I found that using the combi settings, along with the Auto Cook options, was hugely practical. For example, you can call on the convection, grill and microwave functions to cook all the ingredients for a meal in one fell swoop. That said, the Panasonic CS89 is also dazzling when it comes to plain old microwave chores, with my first shot at a jacket spud turning out a perfect potato. Meanwhile, Auto Cook does a fine job of heating pizzas, also to perfection though some drying around the edges was apparent on one or two slices.
This machine comes with ‘Inverter Technology’ logos emblazoned on the box and it’s that tech which also seems to make the Panasonic quicker than many of its ilk.
I’d seen reports elsewhere though that the grill was a less satisfactory aspect of this model. I found that to be a fair criticism – it’s fine, but don't set your expectations too high. Use less bread for toasting and you’ll get away with it. Pile in too many slices and you’ll end up with flaccid toast examples around the edges where the heat doesn't quite hit.
Panasonic CS89 combination microwave: Verdict
There’s a lot to like about the Panasonic CS89 combination microwave, from its classy external styling through to the fuss-free interior, minus a rotating plate holder. You therefore get plenty of space for cooking all sorts of ingredients and, indeed, entire meals. There’s also the luxury of being able to place just about any sort of shaped plate, dish or bowl into the machine, just as long as it’s microwave-friendly of course.

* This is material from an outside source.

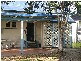 10 Ewart Street, Clontarf QLD 4019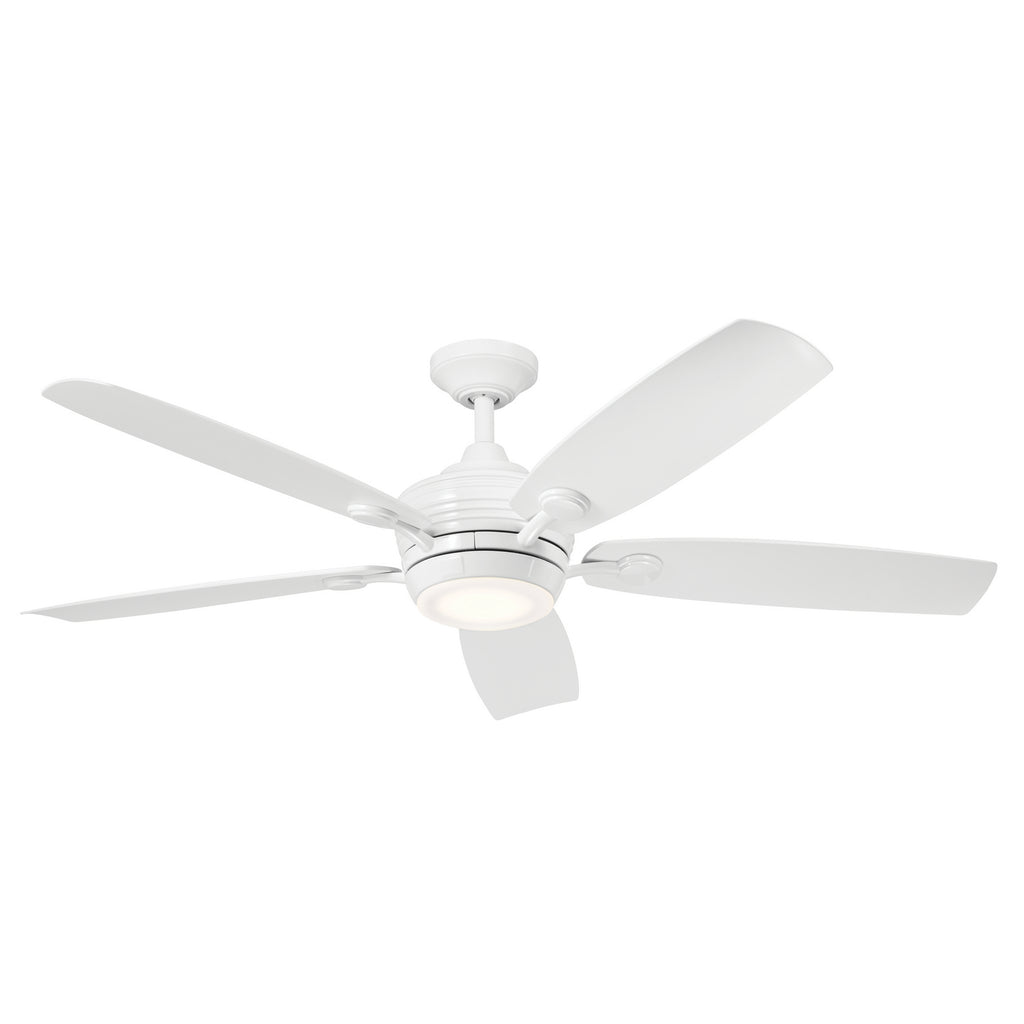 KICHLER 310080WH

There are minor quibbles, like the way you can't track progress through the darkness of the door compared to many lesser microwaves. The Panasonic CS89 is also big and bulky; it’s quite tall too, so you may struggle getting it into a suitable spot in your kitchen, if you lack space. Nevertheless, the combination aspect of the appliance is brilliant, with the Panny being adept at everyday microwave and reheating tasks. But it’s also pretty natty when it comes to baking stuff too, which turns out to be a real bonus once you get used to the settings and what not.
This really is a beefy all-rounder that can handle just about any cooking task. We’ve taken to steaming a lot more of our dishes as this is so good at getting the job done. It also seems great at keeping most of the steam inside the unit as opposed to doing the same thing on a hob, which frequently ends up with condensation running down the kitchen walls. Yup, this combi cooker is quick, convenient and worth the entry price.